### Your goal
Exactly retype the lines from the top of the data through the line containing "Jugadoras de hockey", leaving out every picture.

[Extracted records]
● ● ● ●
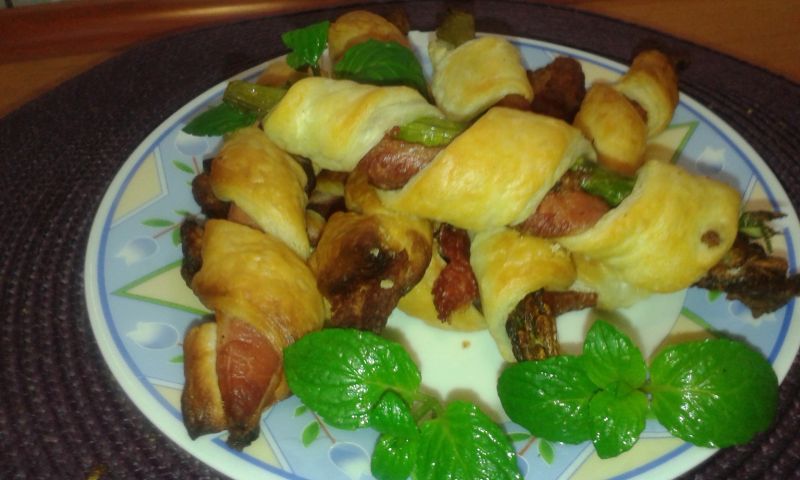 Szparagi i boczek w cieście francuskim Szparagi i boczek w cieście francuskim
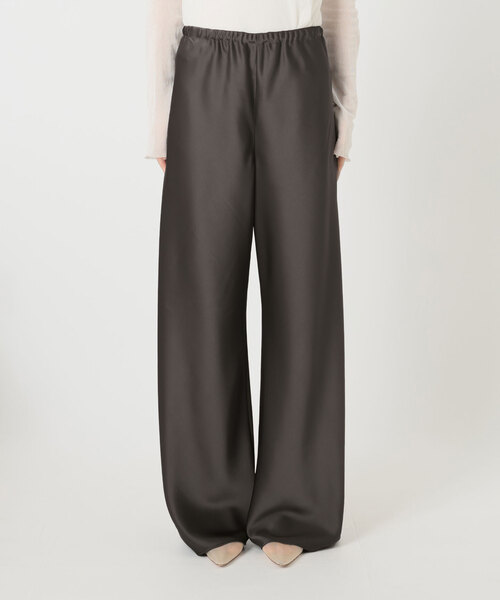 plage(プラージュ)の「Satin Bias Relax パンツ(その他パンツ・レディース・チャコールグレー/ブラック/ベージュ・34/36/38)」の8枚目の写真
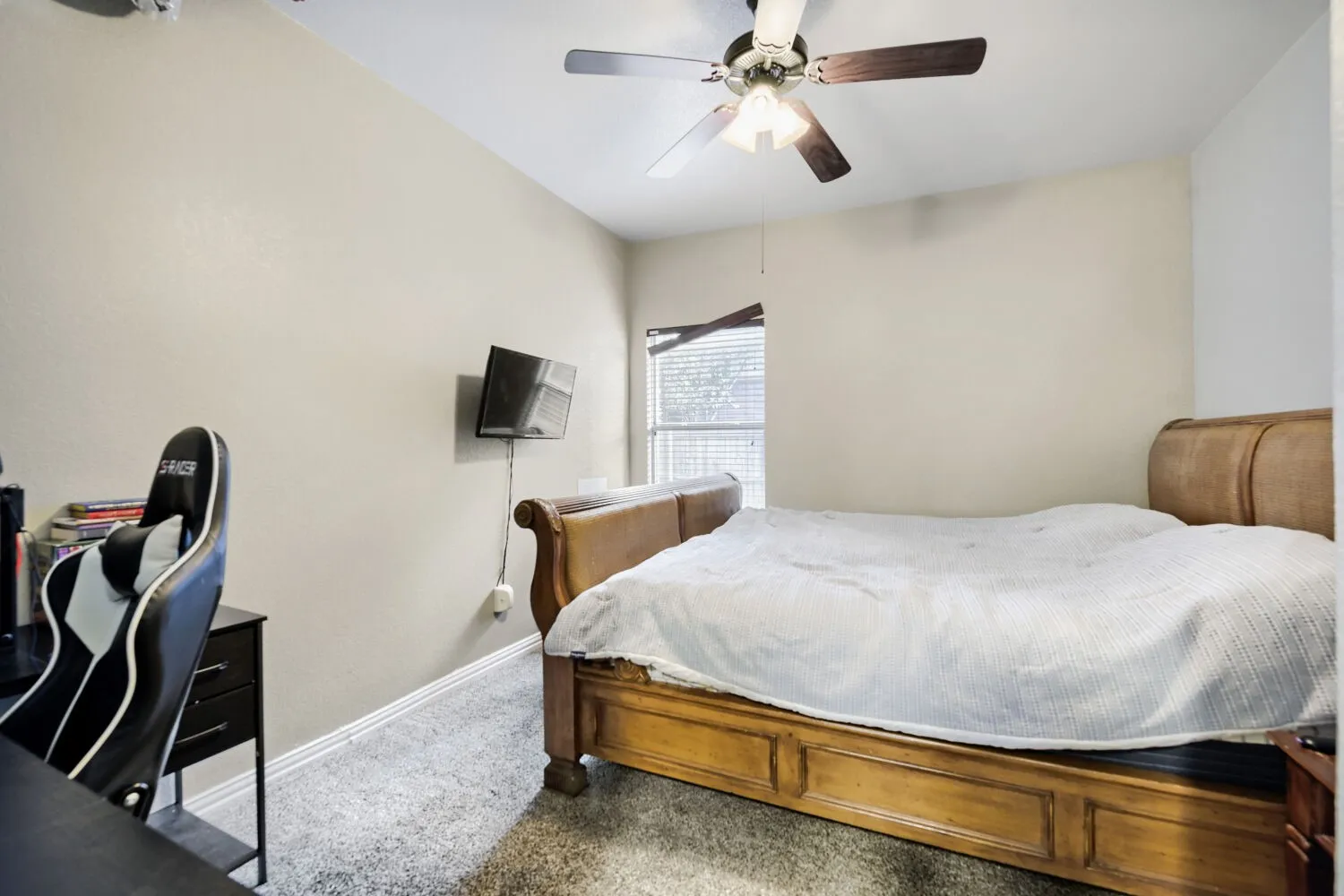 Single Family Residence For Rent in Denton County , 47 Kramer Lane, Sanger, Texas 76266, 4 Bedroom, 3 Bathroom, 2 Garage spaces, 2,468 Sqft, built in 2007, mls#21394540, Real Estate Agent in Sanger, Homes For Rent in Denton county, Homes For Rent in Sanger, Realtor in Sanger Texas, Real Estate Brokerage Independent Realty Texas, Luminita Cordes Realtor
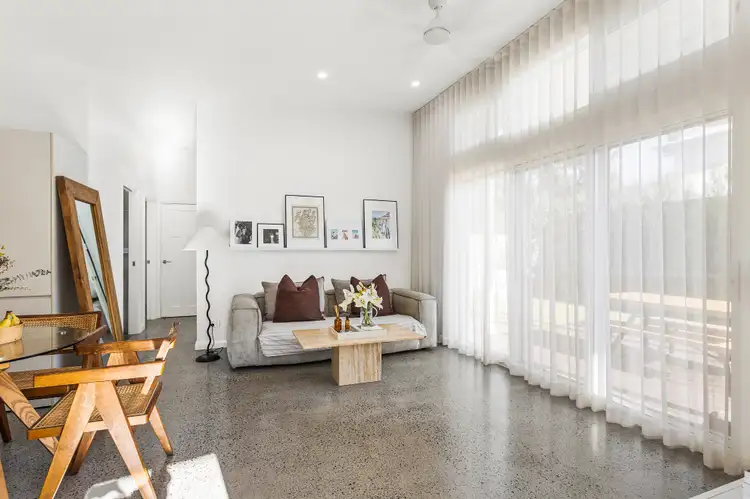 18a Fisher Street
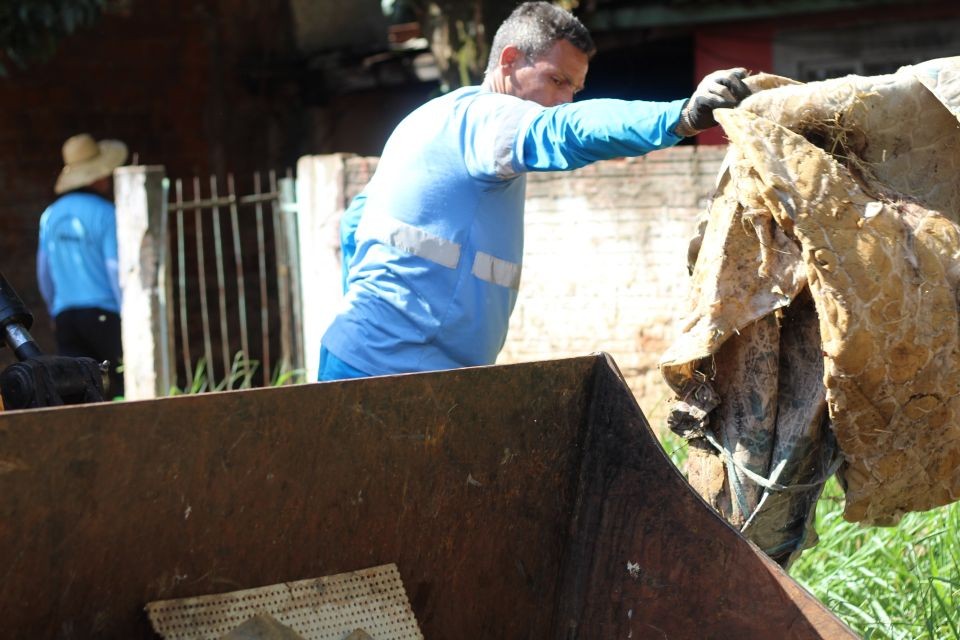 800 kg de materiais que acumulam água são recolhidos em uma única casa em Maringá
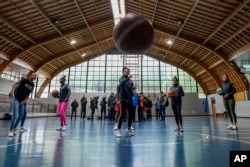 Jugadoras de hockey juegan baloncesto con otros deportistas cubanos que abandonaron la delegación de la isla en los Panamericanos de Santiago de Chile. (AP Foto/Esteban Felix)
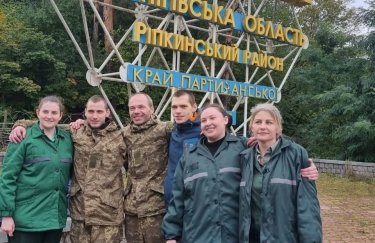 Україна повернула ще чотирьох морпіхів та двох цивільних з російського полону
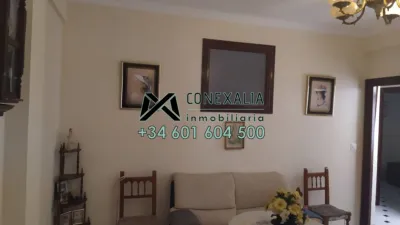 Apartment in Ensanche photo 9
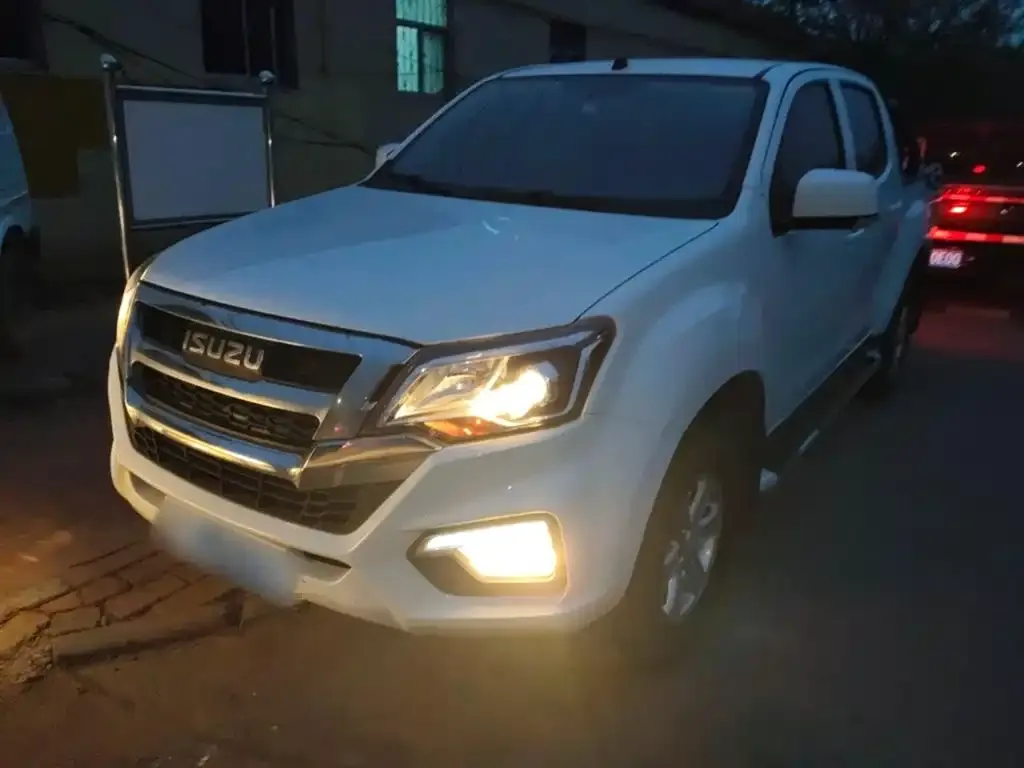Isuzu RE-MAX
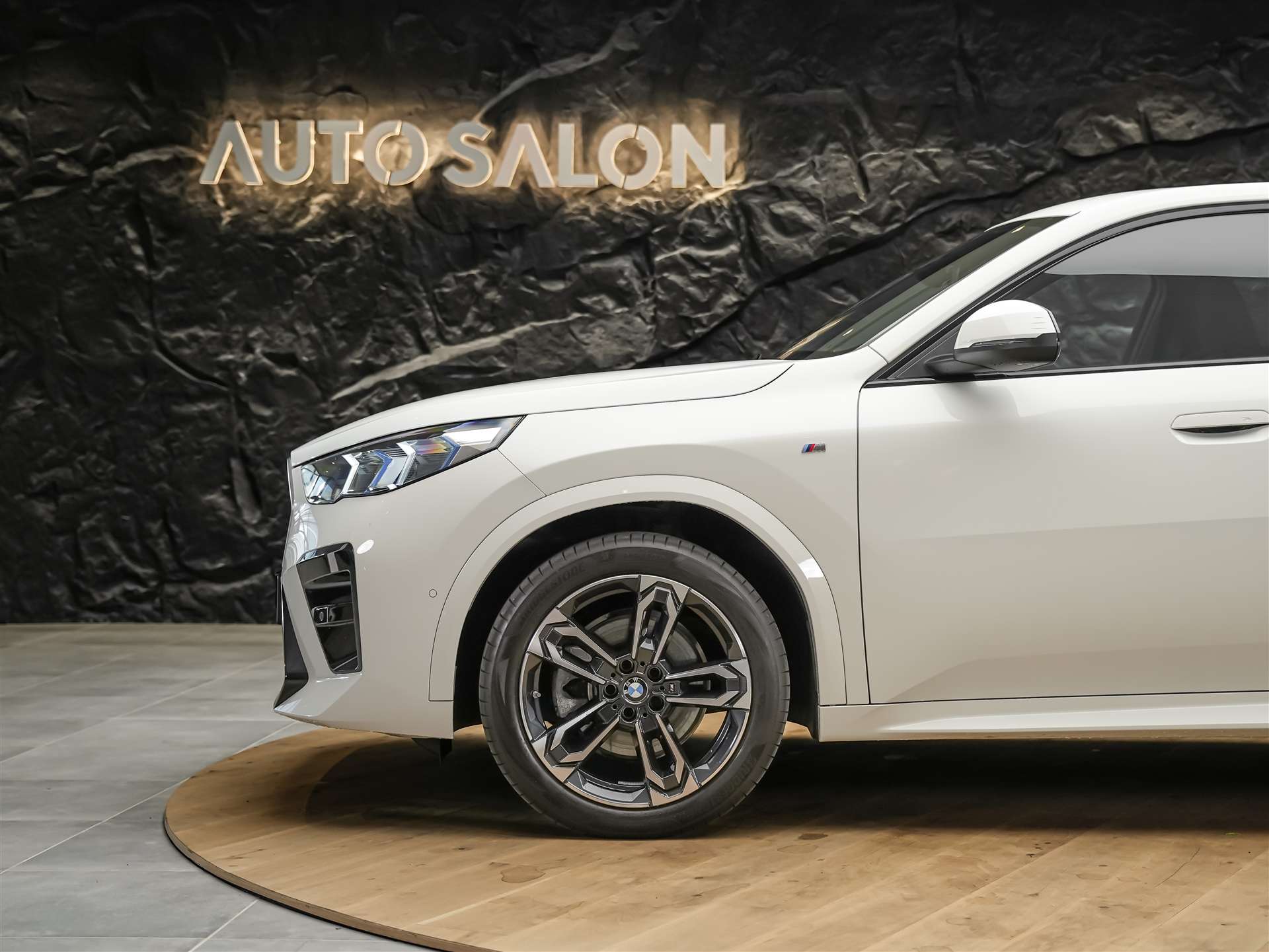 BMW X2 sDrive 20i 48V M Sport *Massagesitz*El. Sitze mit Memory*Harman/Kardon*-image-13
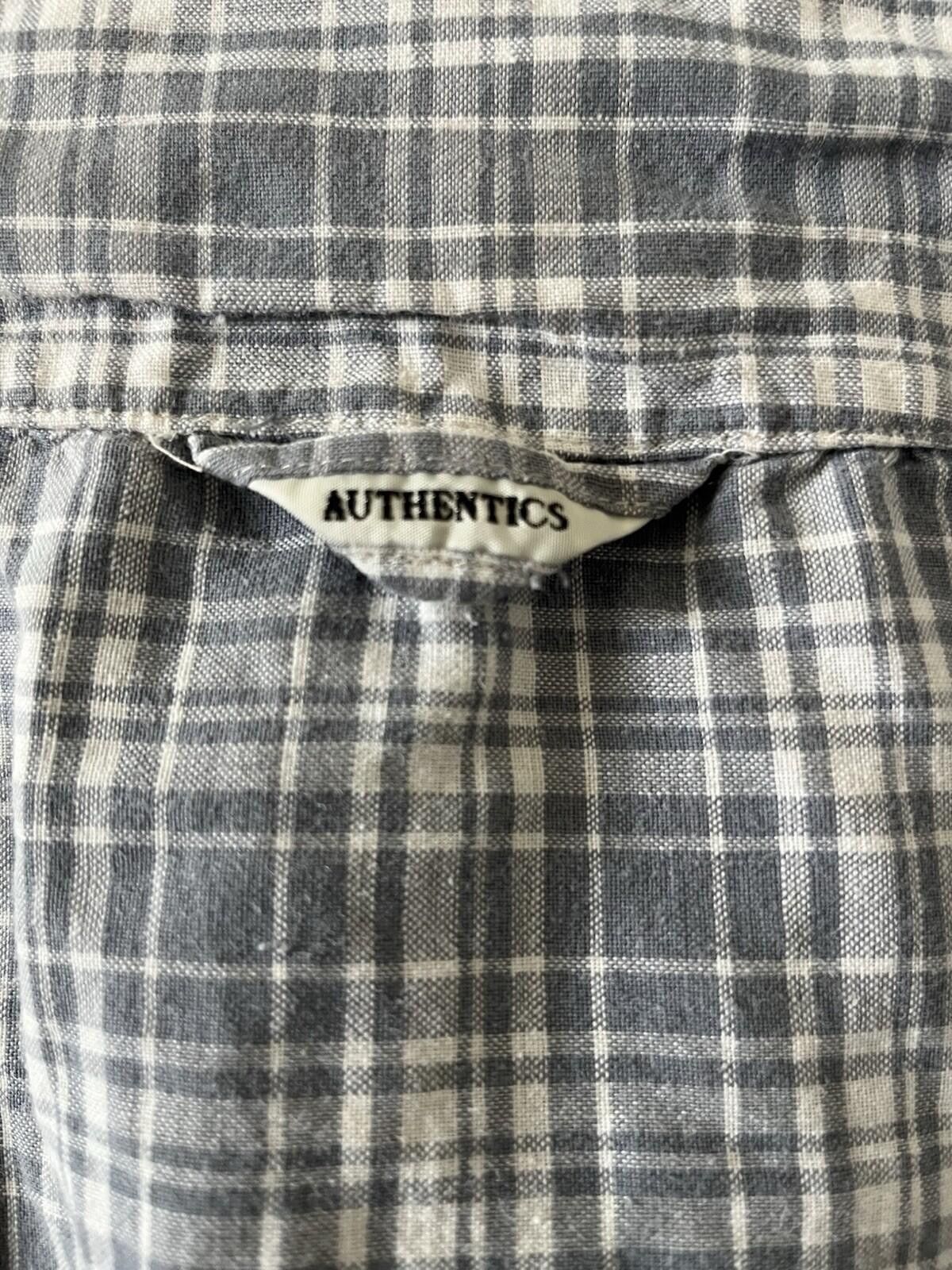 Bugle Boy Bugle Boy Authentics Plaid Floral Shirt L Grey Hibiscus Size US L / EU 52-54 / 3 - 7 Thumbnail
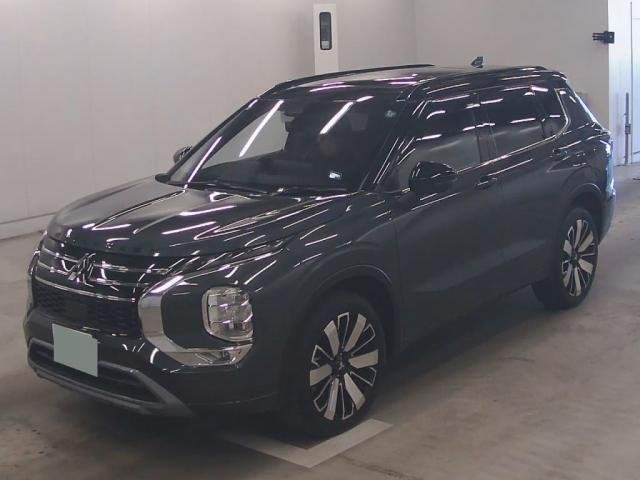 Ref:AUX-20330383 MITSUBISHI OUTLANDER PHEV 2024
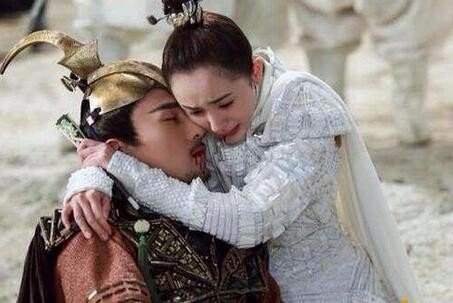 《三生三世十里桃花》中夜华和墨渊是什么关系?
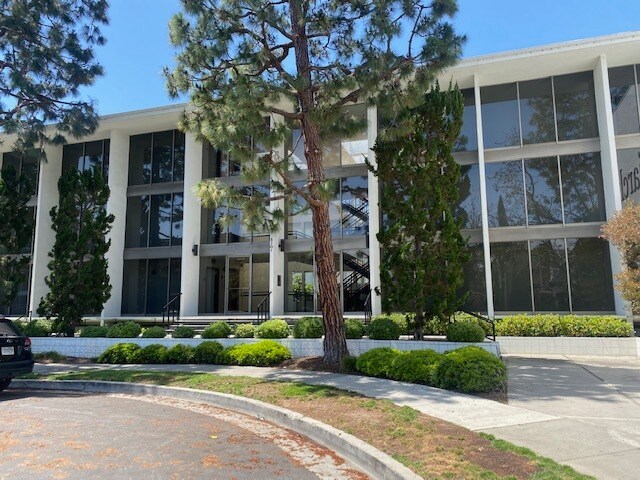 Building Photo - 8701 Delgany Ave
● ● ● ●
### Response
 Szparagi i boczek w cieście francuskim Szparagi i boczek w cieście francuskim
 plage(プラージュ)の「Satin Bias Relax パンツ(その他パンツ・レディース・チャコールグレー/ブラック/ベージュ・34/36/38)」の8枚目の写真
 Single Family Residence For Rent in Denton County , 47 Kramer Lane, Sanger, Texas 76266, 4 Bedroom, 3 Bathroom, 2 Garage spaces, 2,468 Sqft, built in 2007, mls#21394540, Real Estate Agent in Sanger, Homes For Rent in Denton county, Homes For Rent in Sanger, Realtor in Sanger Texas, Real Estate Brokerage Independent Realty Texas, Luminita Cordes Realtor
 18a Fisher Street
 800 kg de materiais que acumulam água são recolhidos em uma única casa em Maringá
 Jugadoras de hockey juegan baloncesto con otros deportistas cubanos que abandonaron la delegación de la isla en los Panamericanos de Santiago de Chile. (AP Foto/Esteban Felix)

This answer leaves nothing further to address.